# ANGRY - paint blemish on 2010 car



## IC_HOTT (May 29, 2010)

AAAAAAAARRRRRRRRGGGGGGHHHHHHH [smiley=bigcry.gif] :evil: :evil: :evil: :evil: :evil: :evil: :evil:

boy am I MAD - had the TT for 4 weeks and birds shit has spoiled the paint - even WITH supposed Lifeshine stuff
The crap was on for NO more than a working day but has dulled the paint, so whats THAT all about

Really thinking of handing it back if this is what Audi black means

See the pics above rear spoiler - any thoughts


----------



## Charlie (Dec 15, 2006)

Have you tried anything on it yet? I know a lot of people don't like it but try some Mer and elbow grease - my sister used to have a Peugeot 106 back in the day and it had a massive bird crap on the bonnet which she left for ages (months) afetr finally washing it it had left a very obvious mark right in the middle.

I got some Mer on it and within 30 minutes there was 0 trace of any mark.

I am sure dooka (Rob) will be along at some point to offer a more professional solution 

Charlie


----------



## dooka (Apr 28, 2006)

Yup here..

Looks like bird poo etching to me, if not to bad you should be able to polish out, may need a machine..

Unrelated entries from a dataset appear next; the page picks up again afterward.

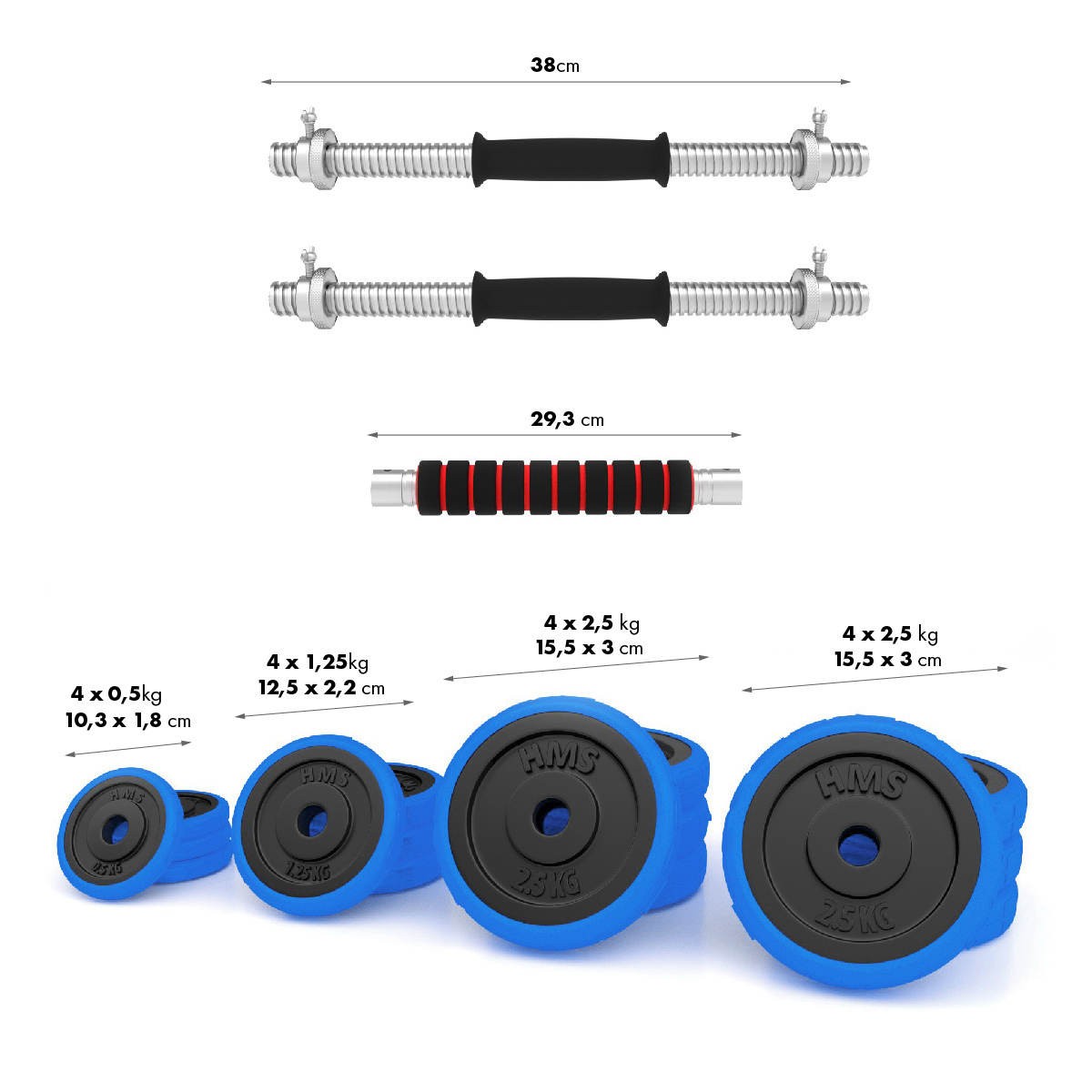 Činkový set HMS SGG30BAR 2x15 kg litina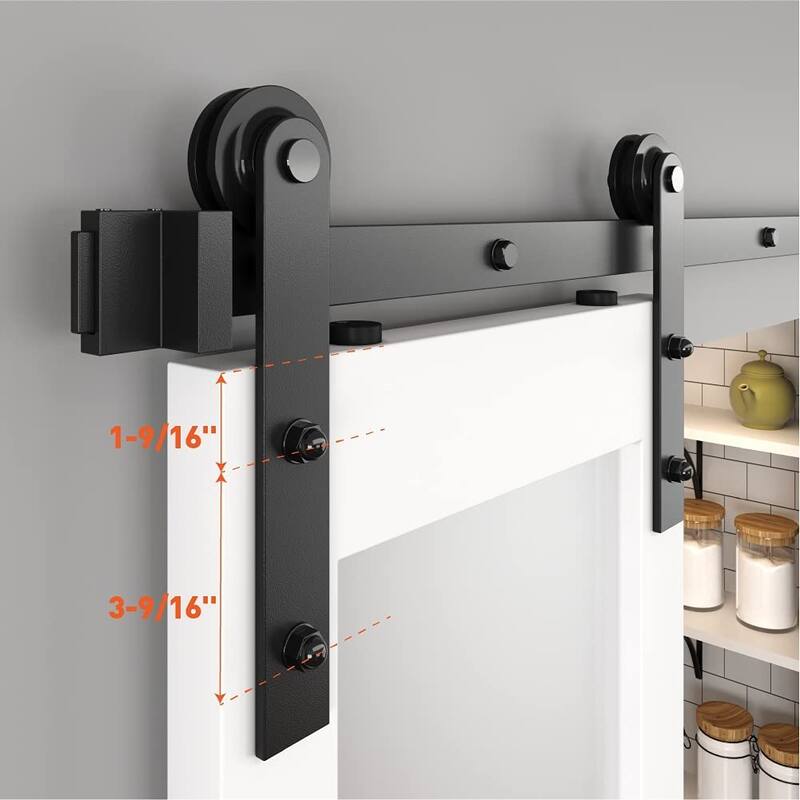 WINSOON 4-16 FT Sliding Barn Door Hardware Track Kit for Single Door I Style Rollers
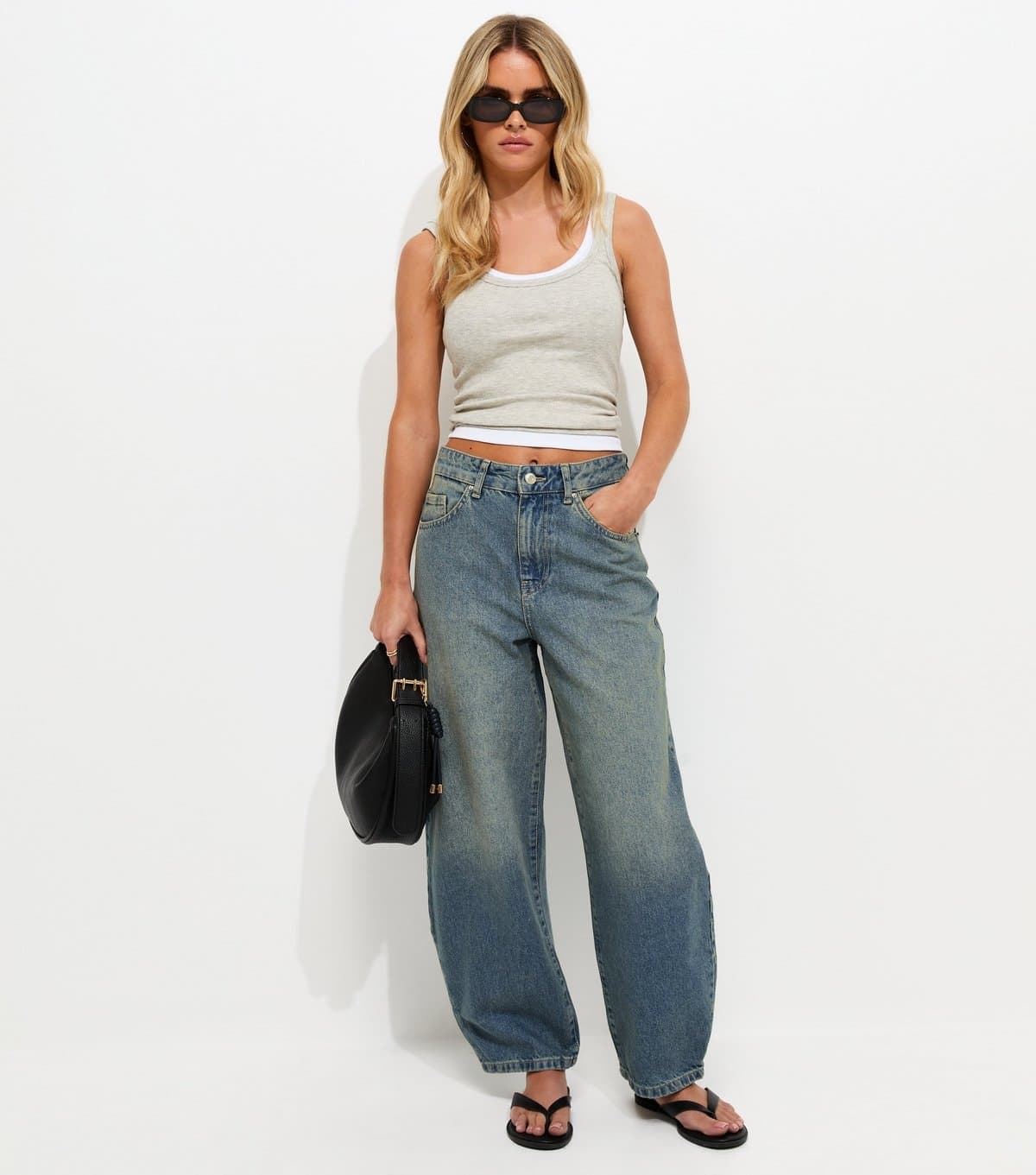 New Look Women's Petite Blue Barrel Leg Jeans New Look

If not, a quick flat (wet sand) and polish..

If not, re-paint time..

and @ Charlie..

Merrrrrrrrrrrrrrrrrrrrrrrrrrrrrrrr, come on, surely I have taught you something ..


----------



## SteveTDCi (Nov 10, 2009)

dooka said:


> Yup here..
> 
> Looks like bird poo etching to me, if not to bad you should be able to polish out, may need a machine..
> 
> ...


merrrr ? isn't that the stuff you use if you want to set fire to your bonnet


----------



## steeve (Jul 8, 2010)

Get some McGuirs (sorry about the spelling) scratch remover, its very mild and will polish that mark out no problem.....


----------



## Blackice (May 16, 2010)

I second the Meguiars option. Just debadged the rear rings on boot lid - to reveal some serious "imperfections" from previous cleaning and removal :? 
Took plenty of effort/elbow grease but the rear is now as smooth and blemish free as a baby's .... rear


----------



## dooka (Apr 28, 2006)

Now check at all different angles, and light conditions, you will probably still be able to see where it was. Not in all cases though..

And as for all the crap around where the badges were, much better now hey


----------



## Ziggytt (Sep 9, 2009)

Hi yep got he same colour car as you mine being a '59 reg and first time buyer of a black car.

Had similar problem, buy Meguires Paint clean, does wonders no problems now. Failing that Meguires Ultimate compound, does what it says on the bottle and doesn't take any colour off your car.

Don't use anything abrasive, a lot of the time it looks worse than it is.

ope this helps


----------